Political drama from the Liberal Democratic Party is in full play as five LDP politicians contend for the party presidency. Although the LDP is benefiting from media coverage, the race is taking place only because Prime Minister Yasuo Fukuda, the current LDP president, announced his resignation suddenly without convincing reasons.

About a year before Mr. Fukuda's announcement, his predecessor Mr. Shinzo Abe also quit in a similar manner. These two incidents suggest that the LDP's sense of responsibility has weakened. The LDP presidential candidates and the party as a whole should understand how much the LDP's credibility has suffered. The LDP hopes that the presidential race will help heighten people's interest in the party.

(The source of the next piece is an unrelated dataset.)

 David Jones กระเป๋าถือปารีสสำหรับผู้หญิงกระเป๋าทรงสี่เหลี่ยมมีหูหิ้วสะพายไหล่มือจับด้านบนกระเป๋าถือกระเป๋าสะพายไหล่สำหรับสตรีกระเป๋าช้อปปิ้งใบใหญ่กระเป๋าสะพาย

Its political schedule is clearly designed to steal the show from the Democratic Party of Japan, which will officially choose Mr. Ichiro Ozawa for a third, two-year term as party leader Sept. 21. The next day the LDP will hold a conference of its Diet members and choose their new president, who will subsequently become the next prime minister. The party apparently wants to have the next prime minister dissolve the Lower House while people's interest in the new administration remains high — a tactic aimed at helping the LDP win in the subsequent general elections.

But voters have paid a price for permitting politicians to engage in "theatrical politics," as represented by the September 2005 general elections in which voters gave an overwhelming victory to the LDP led by then Prime Minister Junichiro Koizumi. It is not certain whether voters this time will behave the same way.